EXERCISE: I would like you to transcribe all of the data exactly.

DATA SEGMENT:
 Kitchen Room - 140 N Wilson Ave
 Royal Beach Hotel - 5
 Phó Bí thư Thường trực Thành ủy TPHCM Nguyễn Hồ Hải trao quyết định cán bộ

RESPONSE:
 Kitchen Room - 140 N Wilson Ave
 Royal Beach Hotel - 5
 Phó Bí thư Thường trực Thành ủy TPHCM Nguyễn Hồ Hải trao quyết định cán bộ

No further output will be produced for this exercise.